We define the object proposals from the current frame as target ROIs and those from the supporting frame as reference ROIs. The object relation module aims to calculate the relation feature between each target ROI and all reference ROIs. The output relation feature is then used to enhance the features generated from the fully connected layer for target ROI. We now explain the detailed process of calculating object relation for each target ROI:

• Assume the current target ROI is the nth ROI in the current frame, and its feature generated from the FC layer or appearance feature is $f_A^n$. We now calculate the appearance weight $w_A^{mn}$ between the nth target ROI with the mth reference ROI from the supporting frame using the following equation:

  $$w_A^{mn}=\frac{dot(W_T{f}_A^n,W_R{f}_A^m)}{\sqrt{d}},$$

  (8)

  where $f_A^m$ is the appearance feature of the mth reference ROI. $W_T$ and $W_R$ are weights of the two FC layers with an output size of d, which is 1024 in the proposed method. The dot product computes the similarity between the target appearance feature $f_A^n$ and reference appearance feature $f_A^m$.
• Assume the total number of reference ROIs in the supporting frame is K. Once the appearance weight $w_A^{mn}$ between the nth target ROI and all reference ROIs is calculated, the total weight $w^{mn}$ between the nth target ROI and the mth reference ROI is calculated by a softmax function, expressed as:

  $$w^{mn}=\frac{exp\left(w_A^{mn}\right)}{{\sum }_{k}exp\left(w_A^{kn}\right)},$$

  (9)

  where k indicates the rest of reference ROI other than the mth reference ROI.
• The relation feature $f_R\left(n\right)$ for the nth target ROI is calculated as:

  $$f_R\left(n\right)=\sum _m{w}^{mn}·(W_V·f_A^m),$$

  (10)

  where $W_V$ is the weights of the 1024-d FC layers to be learned during the training stage.

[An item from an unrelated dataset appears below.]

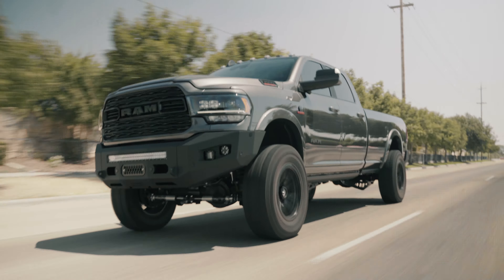It also comes with eccentric cam bolts on the front radius arms. That's going to allow the alignment shop to actually properly align this truck and help with the ride quality and drivability going down the road.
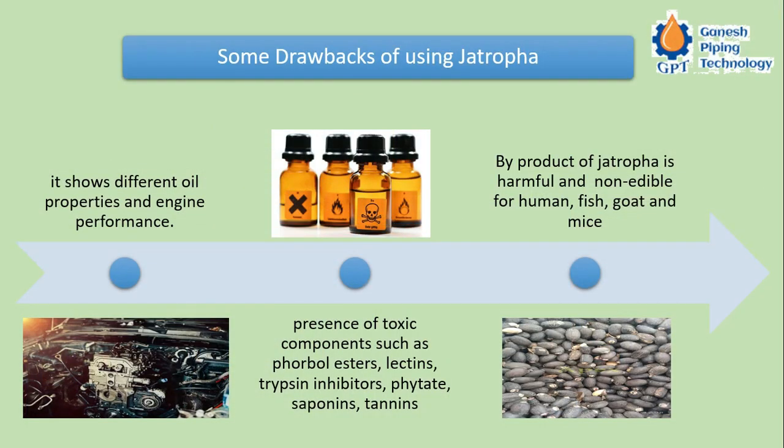There are three drawbacks to note. First, Jatropha shows different oil properties and engine performance — engine performance is somewhat compromised, though engine modification is possible and currently under experimental stage. Second, the presence of toxic components such as phorbol esters, lectin, trypsin inhibitors, phytate, saponins, and tannins makes it potentially unsuitable as a fuel, since burning it may produce toxic exhaust.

The relation feature $f_R\left(n\right)$ is obtained by calculating the weighted sum of 1024-d appearance feature from all reference ROIs.
• After the relation feature $f_R\left(n\right)$ for the nth target ROI is obtained, the enhanced feature map is calculated by applying the element-wise addition between the original feature and the relation feature.

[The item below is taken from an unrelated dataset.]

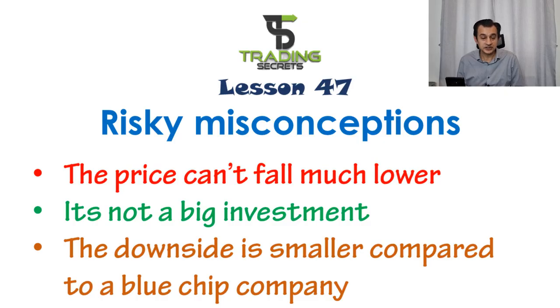Today's lesson looks at risky misconceptions, with a particular focus on penny stocks. The first misconception is the belief that the price cannot fall much lower. When we see a price drop five, eight, ten, fifteen percent, we think it can't go much lower. In chart analysis we look at resistance and support, and many investors believe the price can't break support — but this market correction has shown that many companies have broken support and gone to new lows, as we saw with NIO and Tesla.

3.5. Object Detection Subnetwork

After the enhanced features for each target ROI are obtained, the classification and bounding box regression subnetworks take the enhanced features as inputs to make final predictions on the ROI’s class and its bounding box offsets. The classification subnetwork outputs a class score $C_{class}$. The bounding box regression subnetwork outputs bounding box offsets $t=[t_x,t_y,t_w,t_h]$, where $t_x$, $t_y$, $t_w$, and $t_h$ are the offsets with respect to the ROI’s x coordinate, y coordinate, width, and height, respectively. They are parameterized using the method [44]. Then, the total loss function L is expressed as:

$$L=L_{cls}(C_{class},C_{GT})+\alpha \times L_{bbox}(t,t_{GT}),$$

(11)

where $C_{GT}$ is the ground truth for multi-class classification and $t_{GT}$ is the ground truth for bounding box regression. The classification loss $L_{cls}$ is the cross-entropy loss and the bounding box regression loss $L_{bbox}$ is the smooth $L_1$ loss. $\alpha$ is equal to 1 when the $C_{GT}$ is the non-background class. Otherwise, $\alpha$ is equal to 0.

4. Experimental Results

4.1. Dataset

We conduct experiments on the ImageNet VID dataset [14], which is the most commonly used benchmark for video object detection. ImageNet VID dataset contains 30 object categories. There are 3682 video clips in the training set and 555 video clips in the validation set. The video clips are recorded at a frame rate between 25 fps and 30 fps. We evaluate the performance using the mean Average Precision (mAP) at the Intersection of Union (IoU) threshold of 0.5. Since the current evaluation on the testing set is not available, we follow most of the state-of-the-art methods to conduct the performance evaluation on the validation set.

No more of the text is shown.